**Try it:** Only lines, not pictures: please repeat exactly the lines from the one with "Prijunkite IO RPI" through the end of the listing.

****************

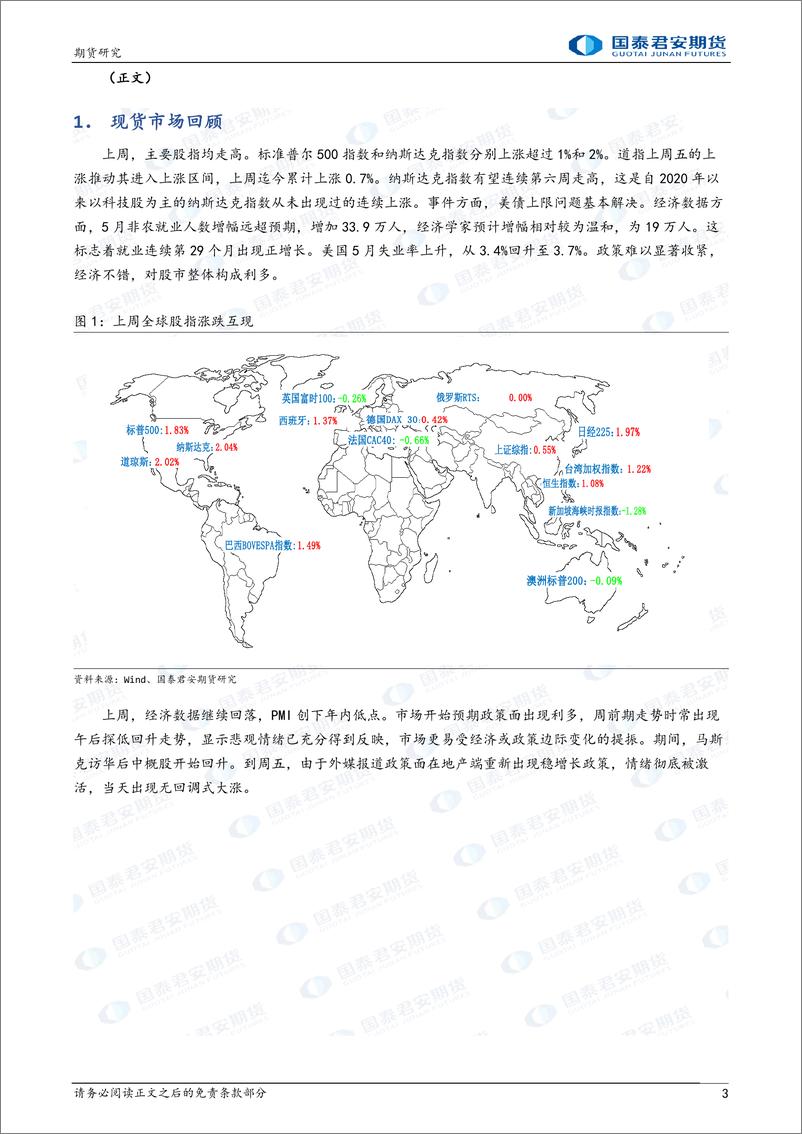 《股指期货：数据低预期，尾盘略好转-20230605-国泰君安期货-20页》 - 第4页预览图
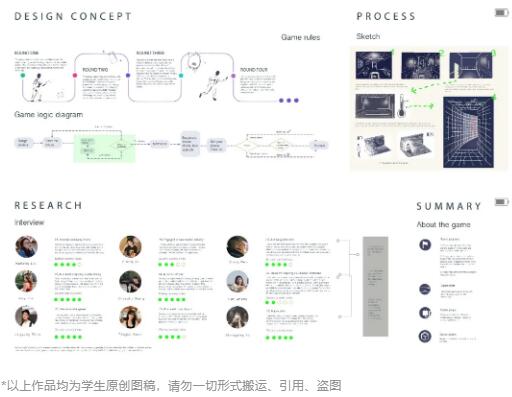 ucl交互設(shè)計作品集創(chuàng)作分享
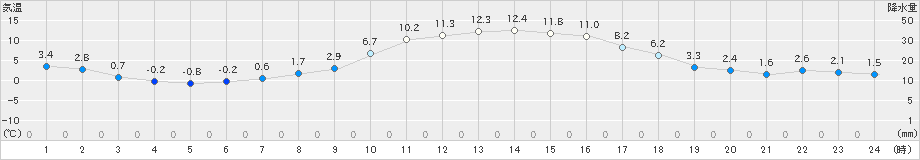 軽井沢(>2020年10月25日)のアメダスグラフ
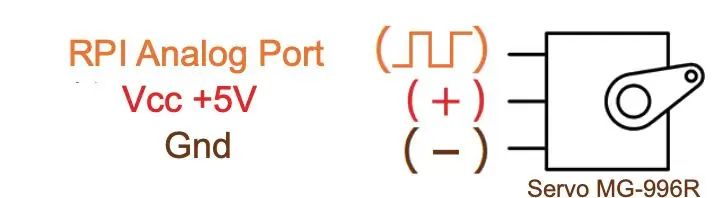 Prijunkite IO RPI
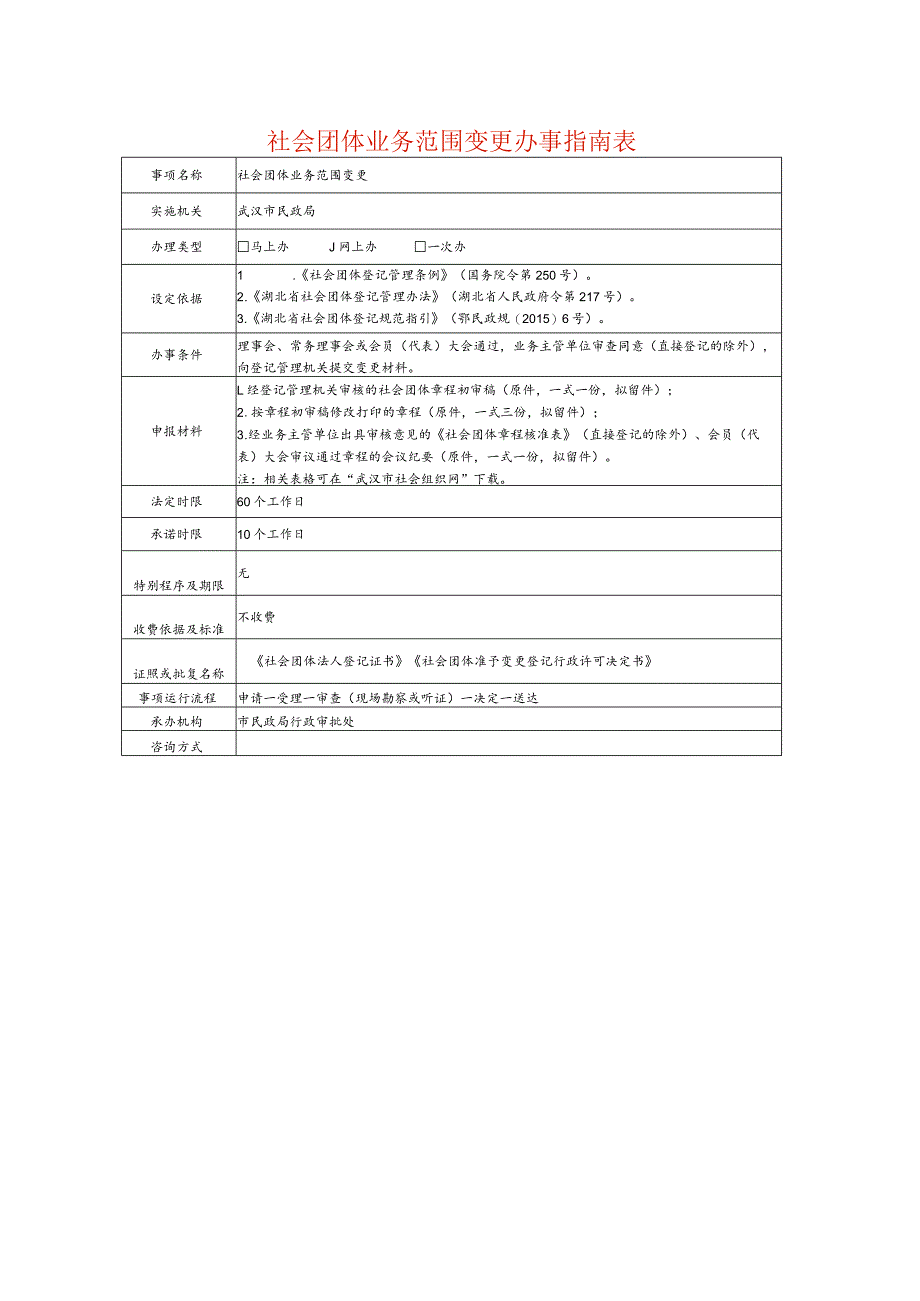 社会团体业务范围变更办事指南表.docx_第1页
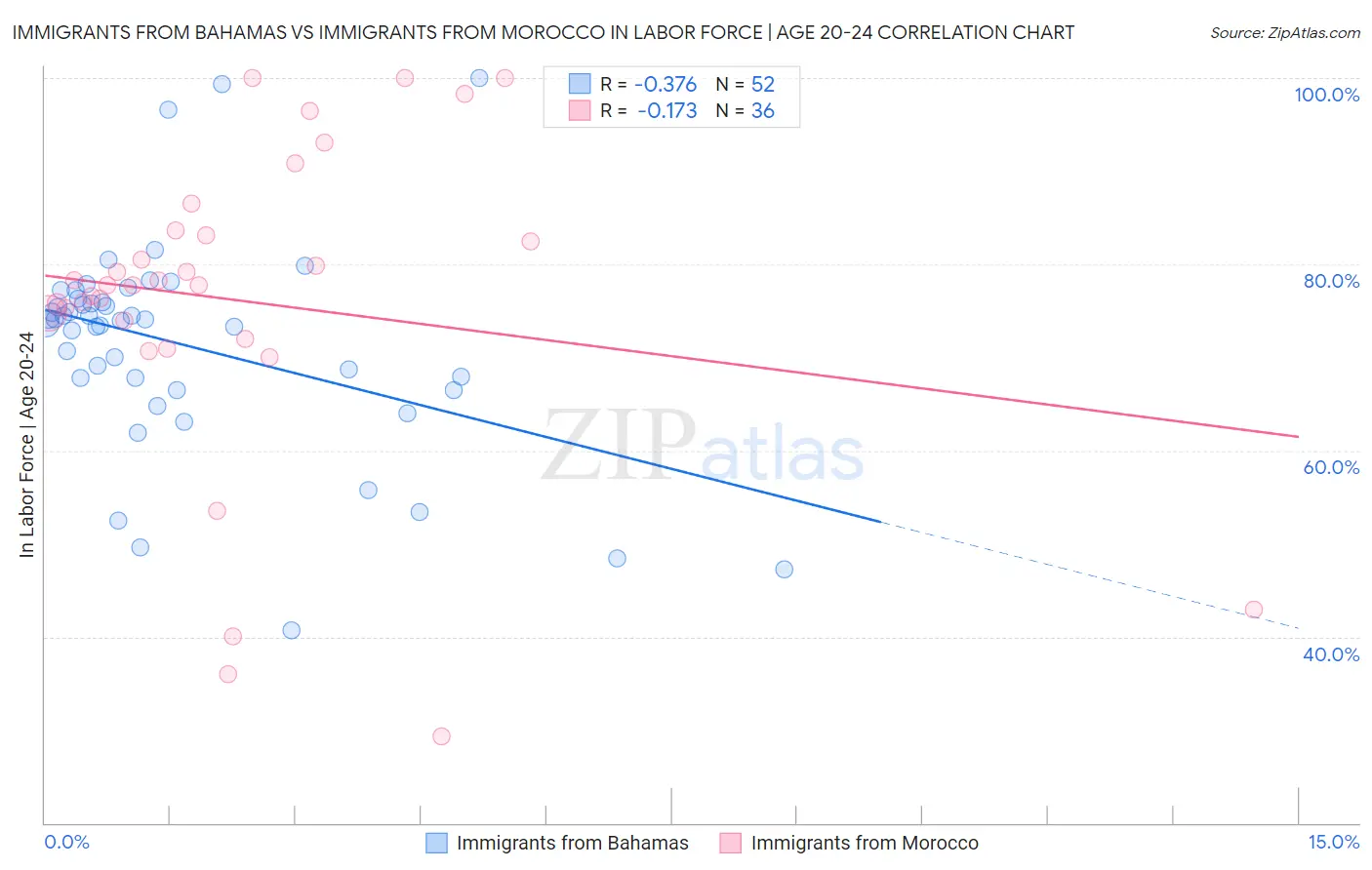 Immigrants from Bahamas vs Immigrants from Morocco In Labor Force | Age 20-24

****************

**Answer to this task:**
 Prijunkite IO RPI
 社会团体业务范围变更办事指南表.docx_第1页
 Immigrants from Bahamas vs Immigrants from Morocco In Labor Force | Age 20-24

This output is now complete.